Illinois Sen. Dick Durbin introduced Wednesday morning he’s retiring and won’t run for reelection in 2026.
In a video posted to X, Durbin stated, “I actually love the job of being a United State senator, however in my coronary heart I do know it’s time to cross the torch. So, I’m saying at present I can’t be in search of reelection on the finish of my time period.”
Durbin, who’s 80, expressed his gratitude to the folks of Illinois for electing him to the Senate for longer than anybody else in state historical past, and stated he was honored by the duty bestowed on him.
“Proper now the challenges going through our nation are historic and unprecedented,” he continued. “The threats to our democracy and our lifestyle are very actual, and I can guarantee you, I am going to do all the pieces in my energy to combat for Illinois and the way forward for our nation day-after-day of my remaining time within the Senate.”

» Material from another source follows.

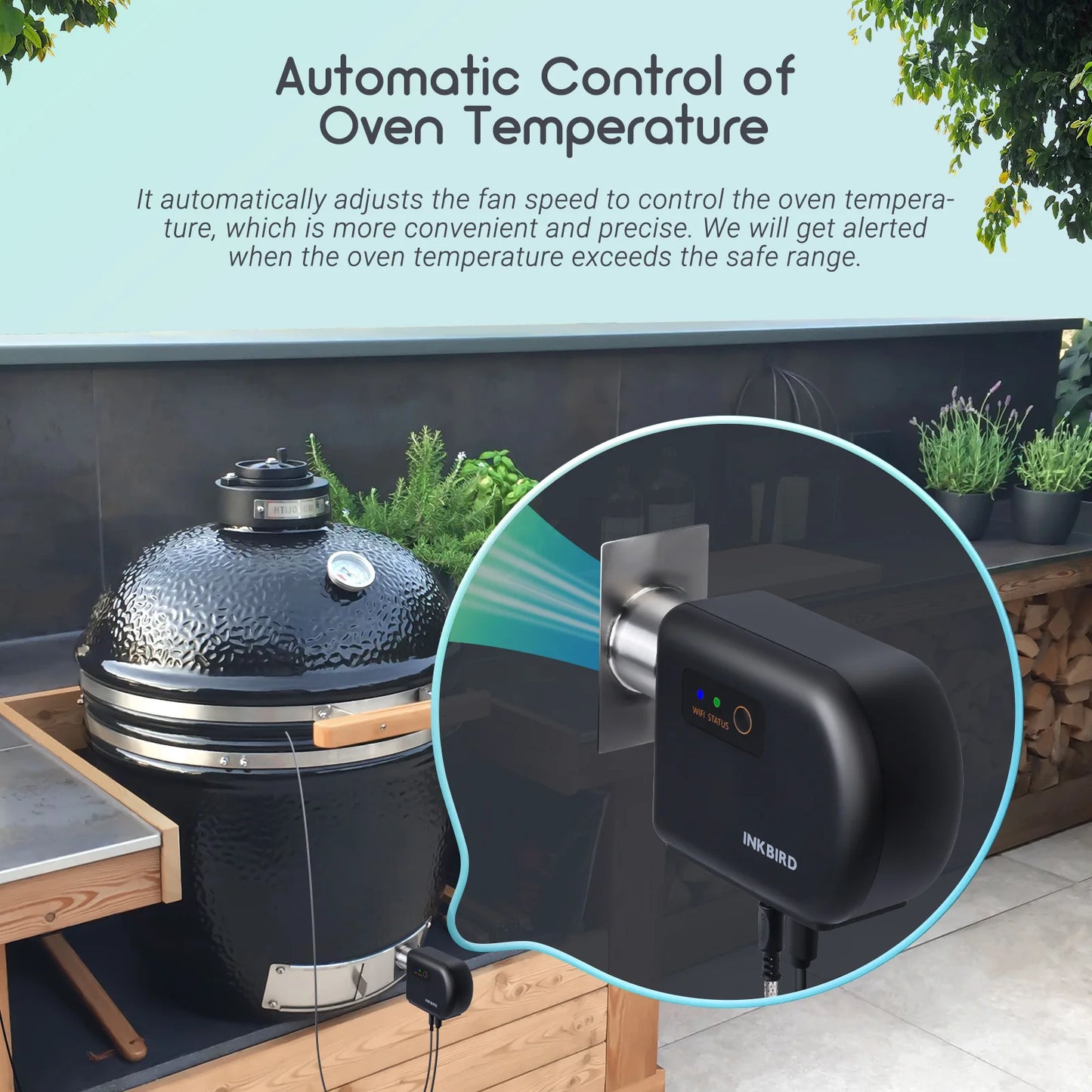INKBIRD Oven Temperature Controller WiFi Bluetooth Automatic Smoker for Big Green Egg,Kamado Joe,Primo,Vision Grill,Akorn Kamado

Durbin known as his fellow Illinois senator Tammy Duckworth a “trusted pal and efficient chief,” and stated she shall be a “actual asset” to the state and the nation as Illinois’ subsequent senior senator.
Durbin is the senior senator for Illinois. He was first elected to the U.S. Senate in 1996, filling the seat left vacant by longtime Sen. Paul Simon.
He additionally serves on the Senate Democratic Whip, the second-highest rating place for the celebration within the Senate. He was first elected to this management publish by Senate Democrats in 2005, and has been reelected to it each two years since.
Durbin is the rating member of the Senate Judiciary Committee. He additionally serves on the Appropriations Committee and the Agriculture, Vitamin and Forestry Committee.
He launched the Dream Act, which might give undocumented immigrants who got here to the U.S. as youngsters and grew up right here a path to citizenship, in 2001 alongside Senator Orrin Hatch (R-Utah). He was additionally a drive behind the institution of the Deferred Motion for Childhood Arrival Program, or DACA, created by President Barack Obama in 2012.
He additionally championed the First Step Act, which was signed into legislation by President Trump in 2018, a bipartisan prison justice invoice that reformed sentencing legal guidelines and supplied extra alternatives for incarcerated folks to re-enter society upon their launch.
Durbin and his spouse Loretta Schaefer Durbin reside in Springfield, Illinois. He has three youngsters – Paul, Jennifer and Christine, his oldest daughter who died in 2008 from issues from a congenital coronary heart situation.